What I wonder: Wouldn’t the load on the nose gear have been higher during the touchdown and taxiing when arriving on the last flight?
You’d sure expect so. But stuff can be cracked and not fail … yet. Then slowly, slowly something is stretching until it snaps.
There’s also the possibility the gear or it’s attachment point didn’t structurally fail. But rather the gear was mistakenly commanded to retract & did so. Whether by a computer or human screwup.
As a general matter it’s physically impractical to retract main gear with weight on them. The hydraulics simply aren’t powerful enough to overcome the aircraft weight & tire friction against the ground. Not so the nose gear.
The BA 787 was caused by the gear being cycled for maintenance with the safety pin that prevents actual retraction inserted in the wrong hole. It’s not something that would just happen spontaneously.
Ouch! That’s been happening since retractable gear was invented. There’s no way to make something idiot-proof for a sufficiently determined idiot.
And the preliminary’s out on the Newark bread truck close yikes -
Man, they were really skimming the ground that last bit.
Yeah, this was one of those mad-but-brilliant things the Brits come up with, and of course the US Marines said, “wait, we could USE something like that!”.

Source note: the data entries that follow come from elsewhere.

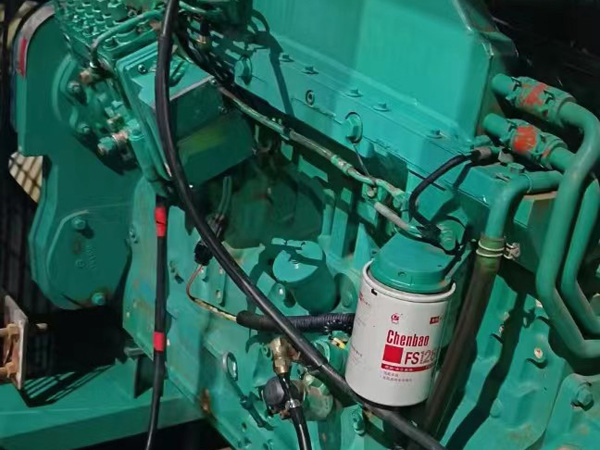 电白如何确定新的发电机组控制系统是否与原系统兼容？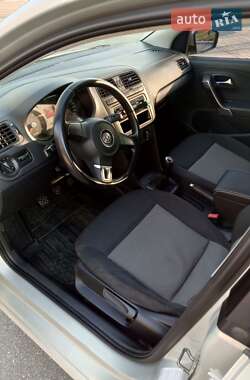 Седан Volkswagen Polo 2012 в 
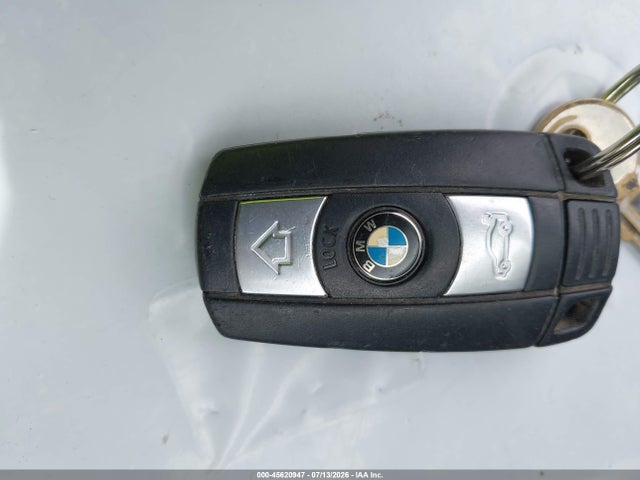 2011 BMW 328I XDRIVE — миниатюра 11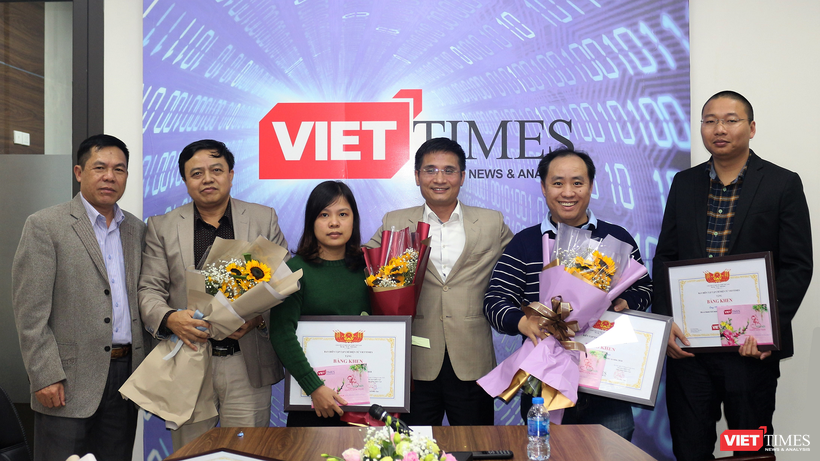 Ban Lãnh đạo VietTimes trao Bằng khen cho các cá nhân có nhiều đóng góp cho sự phát triển của Tạp chí trong năm 2018.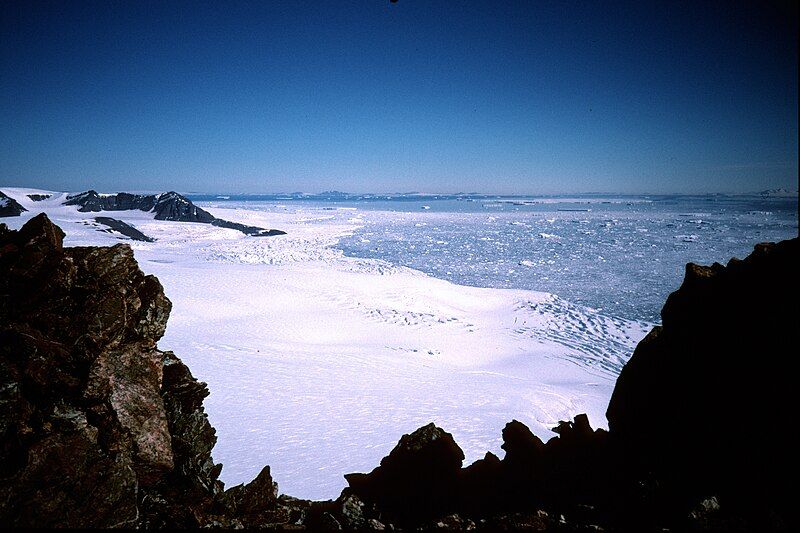 File:Duse Bay, Antarctica.jpg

One of the final units was deployed here in PR, since the build-up to the Venezuela operation until early last week.
Better than on a takeoff roll. Reminds me of an old Bill Cosby routine.
I was on a helicopter once when the rotor came off. I asked the pilot so what happens now? He said, "Well, nothing 'cause we’re still on the ground, but next time…
Aaah, so the plane hit the light pole & the light pole hit the truck. I didn’t realize that detail previously.
I’m not sure that detail was available in any of the early articles. I too first heard of it reading the NTSB report.
The 767-400 is a fairly rare bird. Delta had (has?) some, and Continental (later UAL) and that’s about it. They are quite different from the other 767s and 757s. And big enough that I misidentified the type as a 777 from the YouTube vids derived from dashcams.
It’s normal that airlines did or still do operate 757s and 767-200s & -300s with the same crews. At Delta I know the -400 crews were a separate group with separate training. DAL (or the feds overseeing DAL) thought the differences were too great to use one crew force for all. I’m frankly surprised to see UAL has them all together with one crew force.
It’s clear the Captain was quite worried about the runway being long enough. And really eyeballed himself into a crack overcompensating for that. I suspect the fact it was a -400 and larger / heavier than he was used to was weighing on his mind. Of course being longer, that meant the ass end was riding a lot lower than the cockpit versus the 757 he was more used to. Even before he chose to really drag it in.
Add getting slow, a bit of unplanned sink at the end, and maybe an unluckily timed lull in the headwinds (anti-gust), and suddenly he’s 55 feet low versus nominal. That’s more error than there’s room for.
At this point, a little after midnight UTC, they are NNNE of Paris & won’t land until tomorrow morning when they have light. The question is what country are they coming down in France, Belgium, Luxemburg, or possibly even Germany.
Someone had an image from some ADS-B tracking app that showed all the planes on the route between N America & Europe; although the images were different sized to correspond to the plane type there was one in there that didn’t have wings & was round. Pretty wild to see that!
I’ve seen the Goodyear blimp on FlightAware – looks like some folks have created custom icons (ex: AWACS) – can’t find the list of built in icons in a quick search.
Brian
They’re almost over Belgium now, by daylight they will at least be past France.
In Belgium about 4 miles ago
Looks from the tracking like they have landed near Tandel in Luxembourg.
And yesterday it went supersonic for the first time.
Very cool! Glad to read that, thanks.
Article direct from NASA, who won’t require you to subscribe to read.
What‘s the use case for a small, quiet, civilian supersonic plane? (I assume the military does not need quiet).
It’s a test bed for new boom-reducing technologies. Assuming they learn what they hope, they mean to use those learnings to build much larger aircraft.
Surprisingly, there is a significant recession-proof market for luxury business jets, with a built in “my jet is better than yours” factor that drives continuous turnover. If all a company did was market quiet supersonic luxury jets to the 0.01%, that’s a fine business to be in.
ETA: As @peccavi just said.
The first use case is supersonic bizjets to speed executives & fatcats from here to there.
Assuming that works, the next use case is supersonic RJ-sized jets to speed more ordinary folks. Supersonic 737s or 777s are aways farther into the future. But are not insane ideas from an engineering perspective, once we can manage the boom problem.
Whether the public would be willing to pay the cost premium to get the speed premium is unknowable until the product is out there. Resistance from the greenery crowd is all but guaranteed; the only question is whether that will amount to a squeak or a roar.